Alternatives to the \(F\)-test are Randomization/Permutation Tests, the Kruskal-Wallis Test, and Welch’s Test. Also, Weighted Least Squares can be implemented with unequal variances.
Three departures of the model assumptions are briefly described below.
- Non-normal Errors - This is generally not too problematic for the \(F\)-test as long as data are not too far from normal with reasonable sample sizes
- Unequal Error Variances - As long as the sample sizes are approximately equal this is not a large problem for the \(F\)-test, but can be an issue with very unbalanced designs.

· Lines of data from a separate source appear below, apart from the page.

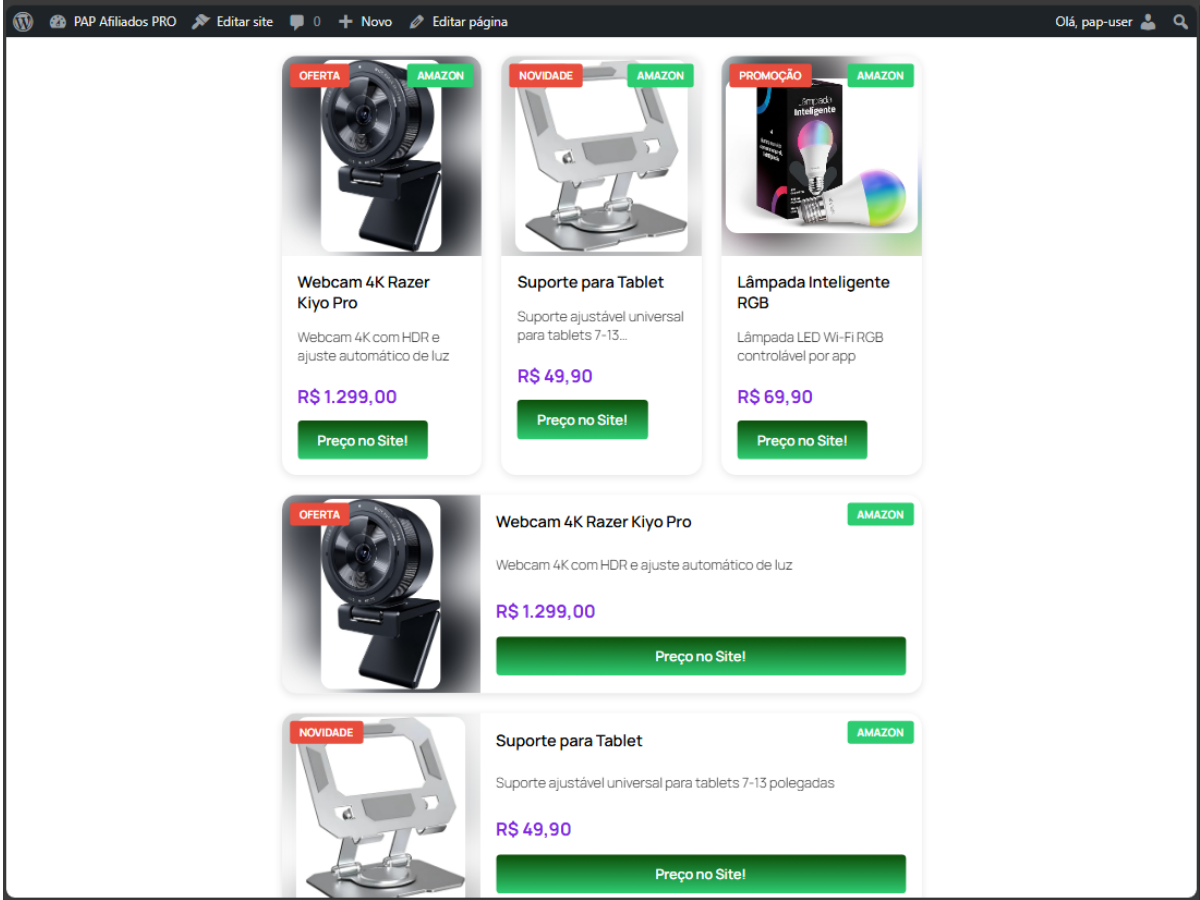 Product card rendered on the frontend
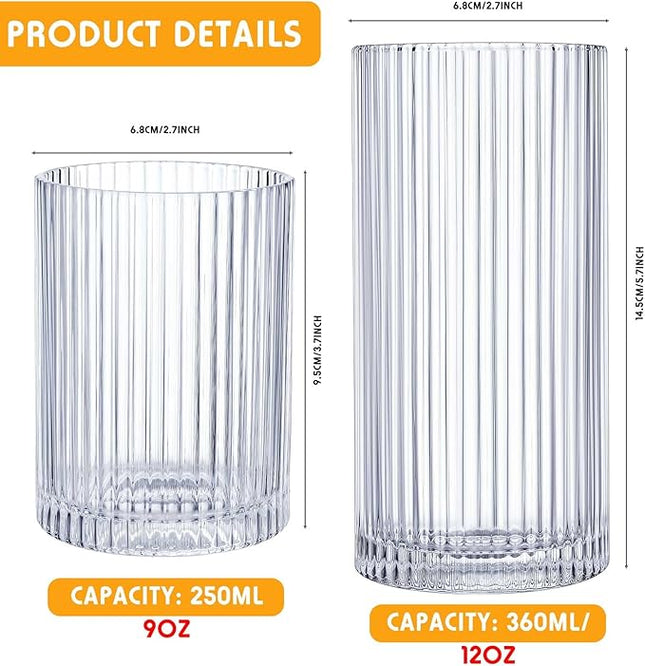 Zhehao 12 Pcs Ribbed Drinking Glasses Set 9 oz 12 oz Glass Cups Vintage Glassware Ribbed Cocktail Cup Clear Ice Coffee Highball Ripple Drinkware for Home Bar Beverages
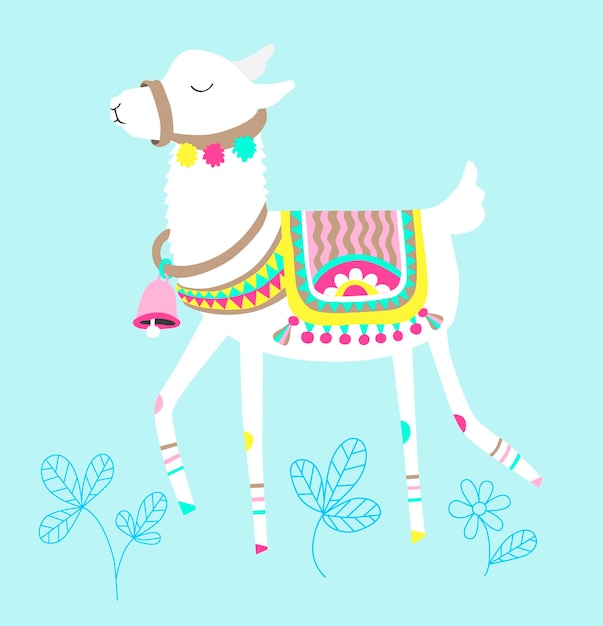 Gracioso llama aislado en azul blanco alpaca animal lindo dibujo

- Non-independence of Error Terms This can cause issues for the \(F\)-test. If each unit receives each treatment, can get a stronger test based on a Repeated Measures Design.
4.1 Randomization/Permutation Tests
These tests are based on resampling, and make no assumptions on the distribution of the error terms. The test treats the units observed in the study as a finite population of units with fixed error terms \(\epsilon_{ij}\). The model and hypothesis are of the following forms.
\[ Y_{ij}=\mu_{\bullet} + \tau_i + \epsilon_{ij} \qquad \qquad H_0:\tau_1=\cdots = \tau_r=0 \] The idea is that if this null hypothesis true, the observed values are due only to the units themselves and not to treatment/group differences. A statistic, such as \(F^*\) or \(SSTR\) is computed and saved. Then, many permutations of the \(n_T\) responses are randomly assigned to the treatment labels of sizes \(n_1,\ldots,n_r\). The statistic is computed for each permutation and saved. The \(P\)-value is the number of more extreme values than the observed statistic plus 1, divided by the number of permutations plus 1. That is, the observed value counts in both the numerator and denominator. Often the number of permutations is 9999 in practice.
This test is applied to the lifeboat training data here.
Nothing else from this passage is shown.